* _Material for this exercise_:

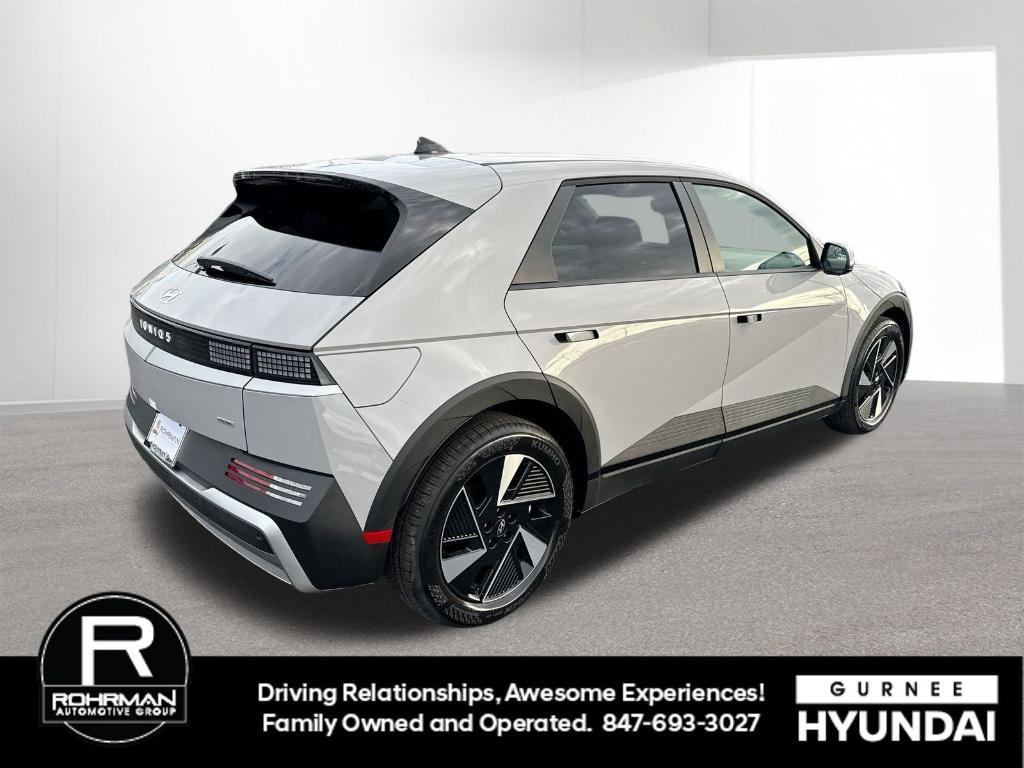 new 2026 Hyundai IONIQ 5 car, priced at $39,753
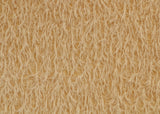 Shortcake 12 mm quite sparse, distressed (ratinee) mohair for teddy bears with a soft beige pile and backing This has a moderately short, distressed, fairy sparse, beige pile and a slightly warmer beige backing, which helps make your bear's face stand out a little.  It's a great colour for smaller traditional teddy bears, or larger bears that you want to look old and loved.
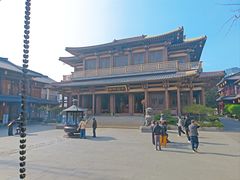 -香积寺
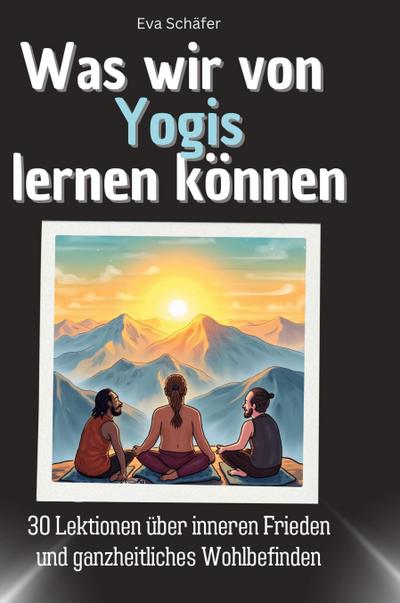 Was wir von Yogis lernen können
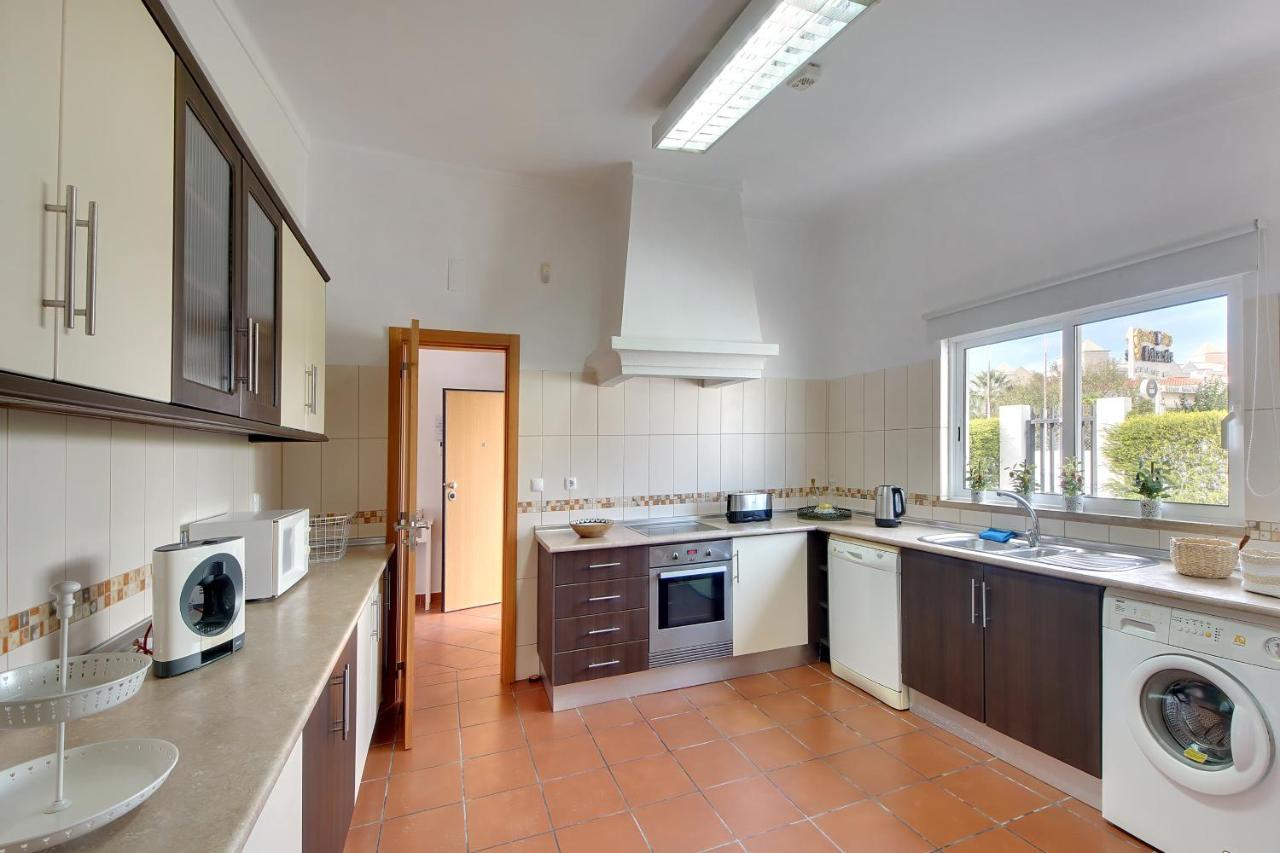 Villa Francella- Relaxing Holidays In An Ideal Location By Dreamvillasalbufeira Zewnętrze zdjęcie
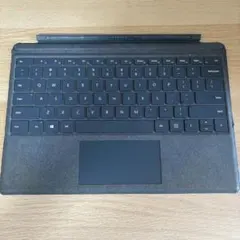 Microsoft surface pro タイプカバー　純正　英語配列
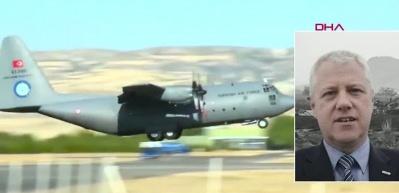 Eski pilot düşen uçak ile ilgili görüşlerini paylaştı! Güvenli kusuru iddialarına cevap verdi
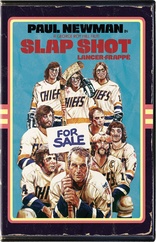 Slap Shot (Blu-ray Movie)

* _Task directions_:
With all pictures removed, reproduce the lines from the top of the entries above through the line containing "Was wir von Yogis lernen können", exactly as written.

* _Problem solution_:
 new 2026 Hyundai IONIQ 5 car, priced at $39,753
 Shortcake 12 mm quite sparse, distressed (ratinee) mohair for teddy bears with a soft beige pile and backing This has a moderately short, distressed, fairy sparse, beige pile and a slightly warmer beige backing, which helps make your bear's face stand out a little.  It's a great colour for smaller traditional teddy bears, or larger bears that you want to look old and loved.
 -香积寺
 Was wir von Yogis lernen können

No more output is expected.